Uscii come tramortito, barcollando e con il chiodo fisso di trovare quei soldi. Ma dove? Non avevamo una lira da parte e quelli che conoscevo erano tutti nelle stesse condizioni, se non peggio.

Tornai a casa, impietrito, i vicini capirono che era successo qualche cosa di grave e vollero sapere. Raccontai piangendo, anche delle seicentomila lire, e mi misero una mano sulla spalla.

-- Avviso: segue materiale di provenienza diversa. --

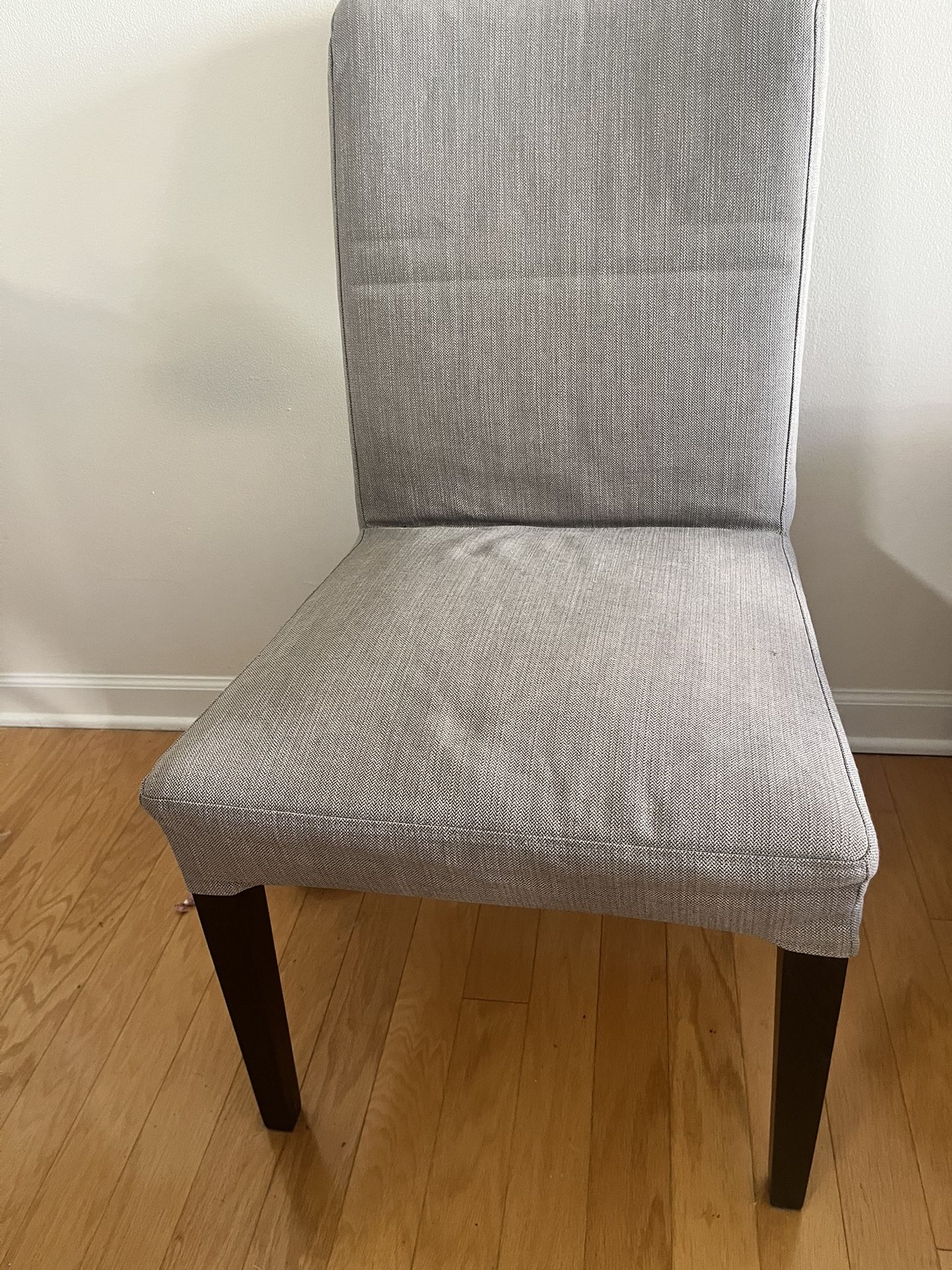 4 Grey chairs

Mi buttai sul letto, affranto, cercando un po' di quiete per riordinare le idee e sperando in un improbabile colpo di genio, ma dalla strada veniva un rumore incessante di merci trasportate, di mobili spostati. Che diavolo succedeva? Mi affacciai alla finestra: c'erano i Bianchi che mettevano su un carretto la loro vecchia cassapanca, l'unico mobile che avevano di qualche valore. Più in là, i Marchesi si caricavano sulle spalle dei materassi e la signora Silvia, di cui non riesco mai a ricordarmi il cognome, spingeva una carrozzella da neonato con sopra qualche chincaglieria. “Ma che fanno! Si mettono a traslocare oggi, e poi chissà dove andranno, con le poche case disponibili!” Mi ritrassi, perché ormai il fermento interessava tutta la via: gente che stava lì da anni, che conoscevo da una vita, e che ora di colpo se ne andava. Mi sembrava di impazzire: la nonna là in ospedale, già quasi in agonia, io a casa a pensare all'impossibile, e tutti quelli che se andavano. Era peggio di un incubo, anche se speravo che tutto fosse solo un sogno.

Cominciai a fare un po' di conti: se impegno questo mi possono dare tot, e per quest'altro tot, ma alla fine la cifra che risultava era drammaticamente inferiore al necessario. Non avevo nulla da poter dare in garanzia e uno strozzino mi avrebbe riso in faccia… cercare qualcun altro che mi prestasse i soldi, sì, ma chi, chi, se tutti quelli che conoscevo erano squattrinati!

Gocce di sudore mi scendevano dalla fronte e la testa mi scoppiava. Ritornai a letto e, probabilmente sfinito, mi addormentai.

Poi qualcuno bussò alla porta: mi alzai intorpidito ed andai ad aprire. Lungo le scale c'era una moltitudine: i Bianchi, i Marchesi, la signora Silvia, tutto il vicinato.

Che fossero venuti a salutarmi prima di andarsene?

Il brusio cessò quando si fece avanti il capofamiglia dei Bianchi.

“Senti Pietro, noi vogliamo come te che tua moglie viva; siete due gran brave persone, siete come di famiglia per tutti; lo sai che siamo poveri come te ed allora abbiamo fatto una colletta, ma non siamo arrivati a seicentomila lire, anzi siamo appena arrivati alla metà. Però si può, si deve tentare; tienile e speriamo bene…”

“Non so cosa dirvi, ma io quando mai potrò restituirvi questi soldi?”

“Non importa; quando vorrai e se potrai; quel che conta è che tua moglie guarisca.

E se ne andarono in silenzio.

Quella povera gente aveva impegnato tutto quel poco che aveva ed io seguii il loro esempio: portai anche il letto al Monte di Pietà.

Alla fine riuscii a comprare quattro fiale, ma si vede che la solidarietà dei poveri è apprezzata in cielo e queste bastarono.

Mi sento ora in debito con tutti, anche perché non sono in grado di ripagarli; adesso capisci perché la porta di casa mia è sempre aperta: loro non vengono, ma quello che ho qua è per loro.